- The Washington Times - Wednesday, October 22, 2014

A federal judge in Puerto Rico said yes, the territory may in fact keep intact a ban on gay marriage — a ruling that legal minds say could now reverberate among Northeastern states.

“Ultimately, the very survival of the political order depends upon the procreative potential embodied in traditional marriage,” U.S. District Court Judge Juan Perez-Gimenez said, The Hill reported.

The judge relied heavily on a 1972 case — where the Supreme Court dismissed a same-sex couple’s appeal of a Minnesota ban on gay marriage — to render his ruling, The Hill reported.

Other federal courts have abstained from considering that case, saying it no longer applies, given the Supreme Court’s rule to erase the federal Defense of Marriage Act, or DOMA.

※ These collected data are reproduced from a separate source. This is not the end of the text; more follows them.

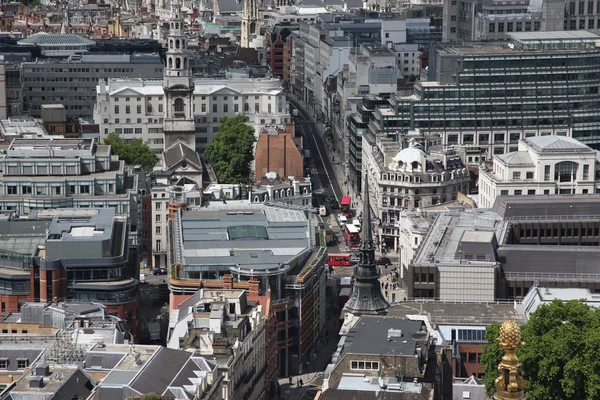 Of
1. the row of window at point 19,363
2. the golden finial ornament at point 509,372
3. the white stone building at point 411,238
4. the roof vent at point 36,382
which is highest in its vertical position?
the golden finial ornament at point 509,372

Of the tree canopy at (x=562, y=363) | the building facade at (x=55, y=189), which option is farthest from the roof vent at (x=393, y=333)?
the building facade at (x=55, y=189)

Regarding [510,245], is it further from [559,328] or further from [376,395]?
[376,395]

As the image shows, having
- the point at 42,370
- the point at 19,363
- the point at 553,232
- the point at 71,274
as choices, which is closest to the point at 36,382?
the point at 42,370

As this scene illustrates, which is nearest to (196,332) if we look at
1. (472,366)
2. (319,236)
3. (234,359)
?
(234,359)

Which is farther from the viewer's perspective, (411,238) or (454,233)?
(411,238)

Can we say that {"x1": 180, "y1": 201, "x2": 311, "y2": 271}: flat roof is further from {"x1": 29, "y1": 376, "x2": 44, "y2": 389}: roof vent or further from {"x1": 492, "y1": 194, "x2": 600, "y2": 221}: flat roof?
{"x1": 29, "y1": 376, "x2": 44, "y2": 389}: roof vent

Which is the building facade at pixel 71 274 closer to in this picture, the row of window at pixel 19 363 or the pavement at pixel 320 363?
the pavement at pixel 320 363

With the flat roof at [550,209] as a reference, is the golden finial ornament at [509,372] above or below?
above

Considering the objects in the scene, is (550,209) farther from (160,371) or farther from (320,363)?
(160,371)
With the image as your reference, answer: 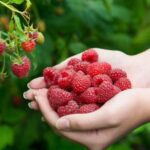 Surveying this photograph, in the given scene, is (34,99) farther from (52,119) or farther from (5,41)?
(5,41)

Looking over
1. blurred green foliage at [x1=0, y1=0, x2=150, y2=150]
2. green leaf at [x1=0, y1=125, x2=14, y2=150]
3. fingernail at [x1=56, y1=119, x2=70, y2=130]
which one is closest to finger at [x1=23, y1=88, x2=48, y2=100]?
fingernail at [x1=56, y1=119, x2=70, y2=130]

But the judge in the Puerto Rico case said that states do indeed have the right to decide marriage issues — and that same-sex marriage was hardly a “fundamental right,” he said, The Hill reported.

“One basic principle remains,” he wrote, The Hill reported, “the people, acting through their elected representatives, may legitimately regulate marriage by law.”

Puerto Rice falls under the First Circuit Court of Appeals, based in Boston, and is largely expected to take up an appeal — which in turn could affect the other states in its jurisdiction that already allow gay marriage. Those states include Rhode Island, Massachusetts, New Hampshire and Maine.